Assignment:
Provide a character-exact reproduction of the lines from the line with "Meriton Suites Bondi" to the end of the entries.

*** Opening Supplied information ***

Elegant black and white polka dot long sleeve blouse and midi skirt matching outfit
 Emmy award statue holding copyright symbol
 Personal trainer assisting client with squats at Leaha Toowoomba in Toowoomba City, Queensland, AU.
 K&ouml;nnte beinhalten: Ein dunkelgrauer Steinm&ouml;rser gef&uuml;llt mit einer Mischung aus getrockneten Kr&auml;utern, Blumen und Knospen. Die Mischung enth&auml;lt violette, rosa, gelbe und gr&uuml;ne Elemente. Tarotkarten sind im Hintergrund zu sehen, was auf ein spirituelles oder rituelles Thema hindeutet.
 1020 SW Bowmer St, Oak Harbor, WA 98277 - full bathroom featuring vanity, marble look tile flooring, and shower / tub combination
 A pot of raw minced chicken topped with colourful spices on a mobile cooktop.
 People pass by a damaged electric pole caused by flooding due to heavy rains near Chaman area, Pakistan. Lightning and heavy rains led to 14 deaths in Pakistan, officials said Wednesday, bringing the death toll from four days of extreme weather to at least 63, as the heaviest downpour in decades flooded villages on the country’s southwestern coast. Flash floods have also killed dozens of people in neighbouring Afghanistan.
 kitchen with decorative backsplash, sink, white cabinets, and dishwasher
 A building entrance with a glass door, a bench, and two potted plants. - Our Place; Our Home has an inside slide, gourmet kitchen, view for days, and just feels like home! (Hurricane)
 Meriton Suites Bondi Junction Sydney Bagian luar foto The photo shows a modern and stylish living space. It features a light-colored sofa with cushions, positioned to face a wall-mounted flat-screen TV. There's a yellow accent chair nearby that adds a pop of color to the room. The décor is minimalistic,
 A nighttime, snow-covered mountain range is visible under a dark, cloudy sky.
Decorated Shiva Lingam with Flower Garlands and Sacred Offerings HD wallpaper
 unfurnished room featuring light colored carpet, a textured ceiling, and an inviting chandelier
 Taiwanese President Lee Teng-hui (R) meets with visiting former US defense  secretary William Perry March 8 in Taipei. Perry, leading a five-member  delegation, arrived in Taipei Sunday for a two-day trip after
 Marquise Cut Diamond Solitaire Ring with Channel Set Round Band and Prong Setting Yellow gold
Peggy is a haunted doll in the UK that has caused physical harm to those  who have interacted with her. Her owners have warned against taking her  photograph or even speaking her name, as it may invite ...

*** Closing Supplied information ***

Result for this task:
 Meriton Suites Bondi Junction Sydney Bagian luar foto The photo shows a modern and stylish living space. It features a light-colored sofa with cushions, positioned to face a wall-mounted flat-screen TV. There's a yellow accent chair nearby that adds a pop of color to the room. The décor is minimalistic,
 A nighttime, snow-covered mountain range is visible under a dark, cloudy sky.
Decorated Shiva Lingam with Flower Garlands and Sacred Offerings HD wallpaper
 unfurnished room featuring light colored carpet, a textured ceiling, and an inviting chandelier
 Taiwanese President Lee Teng-hui (R) meets with visiting former US defense  secretary William Perry March 8 in Taipei. Perry, leading a five-member  delegation, arrived in Taipei Sunday for a two-day trip after
 Marquise Cut Diamond Solitaire Ring with Channel Set Round Band and Prong Setting Yellow gold
Peggy is a haunted doll in the UK that has caused physical harm to those  who have interacted with her. Her owners have warned against taking her  photograph or even speaking her name, as it may invite ...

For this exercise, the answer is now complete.